───── Data to process
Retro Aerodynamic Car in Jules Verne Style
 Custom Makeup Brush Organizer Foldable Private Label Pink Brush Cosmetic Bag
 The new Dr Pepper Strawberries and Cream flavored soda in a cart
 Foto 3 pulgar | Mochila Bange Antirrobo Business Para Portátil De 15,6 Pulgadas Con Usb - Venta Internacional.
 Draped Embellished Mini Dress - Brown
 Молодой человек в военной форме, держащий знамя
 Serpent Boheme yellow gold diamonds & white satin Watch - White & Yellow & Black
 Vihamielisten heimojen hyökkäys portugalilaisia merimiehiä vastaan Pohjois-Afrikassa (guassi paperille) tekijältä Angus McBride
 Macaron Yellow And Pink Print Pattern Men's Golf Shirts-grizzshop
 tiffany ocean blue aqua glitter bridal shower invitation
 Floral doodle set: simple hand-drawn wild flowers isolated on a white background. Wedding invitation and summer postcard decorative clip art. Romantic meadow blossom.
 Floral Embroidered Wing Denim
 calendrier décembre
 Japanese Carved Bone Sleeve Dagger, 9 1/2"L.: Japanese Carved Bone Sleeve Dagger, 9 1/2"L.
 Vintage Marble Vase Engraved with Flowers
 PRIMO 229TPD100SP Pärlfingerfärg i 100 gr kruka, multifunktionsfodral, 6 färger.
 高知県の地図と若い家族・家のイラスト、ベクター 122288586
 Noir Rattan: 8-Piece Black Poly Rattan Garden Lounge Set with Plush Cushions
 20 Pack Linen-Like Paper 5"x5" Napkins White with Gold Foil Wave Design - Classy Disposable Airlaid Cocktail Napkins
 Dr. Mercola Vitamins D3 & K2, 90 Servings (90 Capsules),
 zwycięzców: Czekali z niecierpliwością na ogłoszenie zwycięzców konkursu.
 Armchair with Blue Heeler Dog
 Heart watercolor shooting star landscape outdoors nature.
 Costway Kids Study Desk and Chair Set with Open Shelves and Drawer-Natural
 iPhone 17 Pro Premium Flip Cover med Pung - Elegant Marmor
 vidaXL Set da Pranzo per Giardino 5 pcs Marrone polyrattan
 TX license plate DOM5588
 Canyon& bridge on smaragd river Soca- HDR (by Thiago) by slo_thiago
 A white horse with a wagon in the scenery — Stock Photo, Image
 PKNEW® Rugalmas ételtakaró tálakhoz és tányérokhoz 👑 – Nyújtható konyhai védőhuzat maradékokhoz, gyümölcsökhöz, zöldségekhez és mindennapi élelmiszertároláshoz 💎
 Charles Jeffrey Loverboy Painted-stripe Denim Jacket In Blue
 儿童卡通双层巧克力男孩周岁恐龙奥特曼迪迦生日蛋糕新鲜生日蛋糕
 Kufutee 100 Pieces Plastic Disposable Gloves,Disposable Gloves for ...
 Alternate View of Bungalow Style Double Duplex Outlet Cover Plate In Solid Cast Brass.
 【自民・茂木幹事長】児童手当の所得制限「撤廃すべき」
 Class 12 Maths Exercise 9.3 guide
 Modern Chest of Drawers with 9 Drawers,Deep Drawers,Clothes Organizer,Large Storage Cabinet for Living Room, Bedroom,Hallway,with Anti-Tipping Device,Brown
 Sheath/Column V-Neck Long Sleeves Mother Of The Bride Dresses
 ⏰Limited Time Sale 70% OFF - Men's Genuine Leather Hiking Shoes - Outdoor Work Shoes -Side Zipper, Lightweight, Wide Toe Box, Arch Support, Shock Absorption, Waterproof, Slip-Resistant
──────────
Problem to solve :: Every line from the one that holds "儿童卡通双层巧克力男孩周岁恐龙奥特曼迪迦生日蛋糕新鲜生日蛋糕" to the end of the data above should be given again exactly, with that line and the last one both kept.

Task solution ::
 儿童卡通双层巧克力男孩周岁恐龙奥特曼迪迦生日蛋糕新鲜生日蛋糕
 Kufutee 100 Pieces Plastic Disposable Gloves,Disposable Gloves for ...
 Alternate View of Bungalow Style Double Duplex Outlet Cover Plate In Solid Cast Brass.
 【自民・茂木幹事長】児童手当の所得制限「撤廃すべき」
 Class 12 Maths Exercise 9.3 guide
 Modern Chest of Drawers with 9 Drawers,Deep Drawers,Clothes Organizer,Large Storage Cabinet for Living Room, Bedroom,Hallway,with Anti-Tipping Device,Brown
 Sheath/Column V-Neck Long Sleeves Mother Of The Bride Dresses
 ⏰Limited Time Sale 70% OFF - Men's Genuine Leather Hiking Shoes - Outdoor Work Shoes -Side Zipper, Lightweight, Wide Toe Box, Arch Support, Shock Absorption, Waterproof, Slip-Resistant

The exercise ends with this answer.